Chuckling, Udil waved for them to come, then set off back the way he had come. Following after him, they made their way through the side-hall of the warehouse, up a flight of stone stairs and then through a second section of smashed brickwork sealing up an old doorway, that brought them out into the ground floor of the warehouse.
As she expected, it was entirely empty, long since cleared of anything remotely valuable. Off to their right, the entire middle section of the roof had fallen in, fresher dirt, piling over old to block off almost a third of the space and seal the hole.
“Exit t’street is there,” Udil added drily, gesturing to the shattered hold he had broken in the old brickwork, beyond which she could faintly see cleared road surface and ad-hoc shoring typical of the surface delvings around Old Solaneum. “Whoever dug this out spent quite a lot of time at it, which is only to our benefit here.
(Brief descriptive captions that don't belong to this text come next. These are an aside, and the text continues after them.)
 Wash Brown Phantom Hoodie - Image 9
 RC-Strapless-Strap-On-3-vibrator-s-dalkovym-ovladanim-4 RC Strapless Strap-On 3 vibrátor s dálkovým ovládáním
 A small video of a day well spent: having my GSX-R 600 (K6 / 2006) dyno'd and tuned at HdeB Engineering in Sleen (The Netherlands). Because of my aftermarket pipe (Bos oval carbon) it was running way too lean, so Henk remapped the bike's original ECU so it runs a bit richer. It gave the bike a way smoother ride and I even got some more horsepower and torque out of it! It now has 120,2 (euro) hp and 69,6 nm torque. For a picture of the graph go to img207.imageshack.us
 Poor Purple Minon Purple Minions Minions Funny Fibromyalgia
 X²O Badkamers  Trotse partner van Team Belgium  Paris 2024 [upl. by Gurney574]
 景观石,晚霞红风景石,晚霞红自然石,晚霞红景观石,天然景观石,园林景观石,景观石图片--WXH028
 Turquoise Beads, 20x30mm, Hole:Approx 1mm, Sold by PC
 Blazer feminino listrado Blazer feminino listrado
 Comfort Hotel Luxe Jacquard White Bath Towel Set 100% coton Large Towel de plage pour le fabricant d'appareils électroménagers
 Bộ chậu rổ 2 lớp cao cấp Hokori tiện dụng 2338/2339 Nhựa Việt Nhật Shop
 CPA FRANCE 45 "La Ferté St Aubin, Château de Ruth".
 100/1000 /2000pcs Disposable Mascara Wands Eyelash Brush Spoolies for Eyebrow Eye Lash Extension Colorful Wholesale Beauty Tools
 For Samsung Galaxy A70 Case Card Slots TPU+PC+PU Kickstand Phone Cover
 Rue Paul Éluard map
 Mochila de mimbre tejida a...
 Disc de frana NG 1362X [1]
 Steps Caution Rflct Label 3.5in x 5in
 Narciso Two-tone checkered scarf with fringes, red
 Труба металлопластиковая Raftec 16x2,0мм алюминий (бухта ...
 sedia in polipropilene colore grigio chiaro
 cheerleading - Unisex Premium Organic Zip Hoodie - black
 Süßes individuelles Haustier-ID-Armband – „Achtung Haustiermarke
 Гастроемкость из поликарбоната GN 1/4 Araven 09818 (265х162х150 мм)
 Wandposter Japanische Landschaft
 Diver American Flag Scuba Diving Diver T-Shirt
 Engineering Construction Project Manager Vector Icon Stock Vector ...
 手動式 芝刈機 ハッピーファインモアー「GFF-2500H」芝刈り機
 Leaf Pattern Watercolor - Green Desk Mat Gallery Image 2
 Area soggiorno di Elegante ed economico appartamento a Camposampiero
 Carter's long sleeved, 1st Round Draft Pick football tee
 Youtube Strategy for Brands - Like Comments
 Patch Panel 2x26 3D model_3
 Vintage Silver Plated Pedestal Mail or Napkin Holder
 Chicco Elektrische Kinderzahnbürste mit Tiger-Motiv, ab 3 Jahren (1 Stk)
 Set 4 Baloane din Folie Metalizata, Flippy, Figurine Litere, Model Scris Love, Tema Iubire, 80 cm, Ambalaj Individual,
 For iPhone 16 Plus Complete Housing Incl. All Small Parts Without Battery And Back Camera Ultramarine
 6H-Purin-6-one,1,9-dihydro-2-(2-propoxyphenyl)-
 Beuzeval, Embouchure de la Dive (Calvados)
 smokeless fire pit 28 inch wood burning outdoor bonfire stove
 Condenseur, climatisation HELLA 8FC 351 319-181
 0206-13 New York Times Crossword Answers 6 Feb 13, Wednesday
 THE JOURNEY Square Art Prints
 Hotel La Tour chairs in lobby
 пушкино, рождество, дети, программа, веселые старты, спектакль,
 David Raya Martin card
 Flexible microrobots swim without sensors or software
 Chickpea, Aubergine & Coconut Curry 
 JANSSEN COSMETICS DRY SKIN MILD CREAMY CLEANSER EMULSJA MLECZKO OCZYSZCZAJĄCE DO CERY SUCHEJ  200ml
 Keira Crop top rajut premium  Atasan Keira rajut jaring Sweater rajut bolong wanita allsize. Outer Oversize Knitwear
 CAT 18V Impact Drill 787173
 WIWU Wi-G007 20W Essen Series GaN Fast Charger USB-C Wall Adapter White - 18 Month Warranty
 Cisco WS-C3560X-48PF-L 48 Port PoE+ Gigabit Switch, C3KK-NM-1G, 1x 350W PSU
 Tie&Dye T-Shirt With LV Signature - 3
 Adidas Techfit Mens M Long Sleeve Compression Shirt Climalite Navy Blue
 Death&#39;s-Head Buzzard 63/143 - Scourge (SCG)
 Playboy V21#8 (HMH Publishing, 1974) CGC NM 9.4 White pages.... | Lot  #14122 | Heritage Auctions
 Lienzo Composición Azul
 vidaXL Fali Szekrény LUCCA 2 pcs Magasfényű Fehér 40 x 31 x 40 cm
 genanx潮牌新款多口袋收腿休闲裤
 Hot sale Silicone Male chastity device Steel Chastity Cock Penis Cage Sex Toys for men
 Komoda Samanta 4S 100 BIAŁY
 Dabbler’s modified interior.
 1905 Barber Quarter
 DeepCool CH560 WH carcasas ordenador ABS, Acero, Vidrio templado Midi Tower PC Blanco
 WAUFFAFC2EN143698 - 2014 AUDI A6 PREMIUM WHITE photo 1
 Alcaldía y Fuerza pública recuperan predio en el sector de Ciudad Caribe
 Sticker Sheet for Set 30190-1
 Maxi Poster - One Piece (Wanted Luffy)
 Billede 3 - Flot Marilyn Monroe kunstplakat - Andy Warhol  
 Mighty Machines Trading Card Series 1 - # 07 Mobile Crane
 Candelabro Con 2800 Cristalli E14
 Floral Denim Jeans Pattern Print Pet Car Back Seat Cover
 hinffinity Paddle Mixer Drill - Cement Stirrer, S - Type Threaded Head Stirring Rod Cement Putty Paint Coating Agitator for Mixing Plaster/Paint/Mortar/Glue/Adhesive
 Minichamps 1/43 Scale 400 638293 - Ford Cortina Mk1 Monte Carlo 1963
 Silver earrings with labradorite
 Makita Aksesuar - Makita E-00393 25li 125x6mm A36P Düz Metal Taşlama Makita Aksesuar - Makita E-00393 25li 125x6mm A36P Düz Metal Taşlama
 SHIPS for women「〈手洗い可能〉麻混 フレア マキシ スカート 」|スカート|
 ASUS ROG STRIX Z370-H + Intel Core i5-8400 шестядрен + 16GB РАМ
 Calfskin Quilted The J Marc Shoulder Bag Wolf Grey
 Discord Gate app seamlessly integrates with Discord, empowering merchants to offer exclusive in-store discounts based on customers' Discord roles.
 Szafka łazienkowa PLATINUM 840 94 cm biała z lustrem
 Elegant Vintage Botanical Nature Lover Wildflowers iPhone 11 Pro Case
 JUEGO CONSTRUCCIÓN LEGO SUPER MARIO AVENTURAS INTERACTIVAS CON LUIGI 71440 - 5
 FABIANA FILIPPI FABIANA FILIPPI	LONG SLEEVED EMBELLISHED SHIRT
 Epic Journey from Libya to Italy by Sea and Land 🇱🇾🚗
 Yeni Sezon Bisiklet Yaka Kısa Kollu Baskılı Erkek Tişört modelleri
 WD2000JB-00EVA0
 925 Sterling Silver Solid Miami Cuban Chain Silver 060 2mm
Odd thing be the dark sign, but I guess they dinna want others poking about.”
“Dark sign?” she asked, as Udil led them over to the hold and out into the street, which was dug out much like the ones below, but with significantly more effort put into the shoring, via looted columns and slab-stonework to counter the much softer substrate above.
“Aye, like tha,” Udil pointed to an eye-like symbol with the symbol someone had gouged into an upright section of stone column set like a marker in the middle of the street, opposite the entrance to the warehouse. “Tis the ‘Hiding Dark’, sign to hide misfortune from others, or warn off.”
Looking around, she quickly picked out two others, in both directions carved on column uprights holding the roof in place.
“Sounds about right,” Alira chuckled. “There is nothing but misfortune for mortals below.”
“No argument there,” Udil grunted. “What I mean is odd, is it’s huldrekin sign. Not dvari sign and invoking ‘She who knocks in dark places’. The Hulder would invoke ‘He who guards old bones’, or ‘She who holds the last light’, not the Lady of Dvarad, and certainly not the Hunting Wyrd.”
“For a dvari, you sure know a few things,” Ianthe mused, giving Udil a sideways look.
“Our city has old roots,” the dvari shrugged. “And that sign is odd.”
“Many things in this cursed city are ‘passing odd’, by this stage of its sorry existence,” she reflected with a grimace. “So long as it isn’t going to interfere?”
“Nah, it won’t,” Ianthe shook her head. “The air is fresher to the right, so let’s go that way.”
Nodding, she followed after Ianthe, who set off at a brisk trot now, holding her torch up high to illuminate their path.
In the end, they only had to go about a hundred metres along the excavated street, before the path up revealed itself: a ramp of collapsed, overgrown stonework amid a tangle of subterranean greenery. Beyond it, she could just make out the sky, which was still dark, some stars visible between scattered cloud.
Without going out, which would run the risk of complicating the ritual they were about to perform, she judged they probably had at least half an hour before the sky started to lighten with the first signs of pre-dawn, which was more than she had expected, truth be told.
“So, what now?” Udil asked her as she stepped back from the base of the ramp.
“Now? We go back down and set about what we are actually meant to be doing,” she replied drily, turning on her heel and heading back the way they had come.
Compared to the trip up, the descent, which they made at a brisk jog, except for the narrow tunnel, only took about five minutes. Arriving back in the hall of the temple-turned-church, she found Ianeira and Phiale waiting with Fionnúir and the shades of her family clan.
“I take it we are good to go?” Ianeira asked as she walked over and reclaimed one of the other torches from where they still sat.
“We are. The ascent should take about fifteen minutes,” she replied. “There were a few complications on the way.”
“Yes, I felt the collapse of that word of power,” Ianeira nodded.
“—though I guess it makes sense their eyes would have turned towards this place at least once,” Phiale added with a grimace.
“Mmmm,” Ianthe agreed, not meeting her eyes.
-Yep, we definitely have to have a chat about this afterwards, she mused.
“You understand the principles of this ritual yes?” Phiale asked her and Fionnúir.
“Yes,” Fionnúir affirmed.
“I believe so,” she agreed. “I have to lead Fionnúir out, and she leads her family out. You escort us?”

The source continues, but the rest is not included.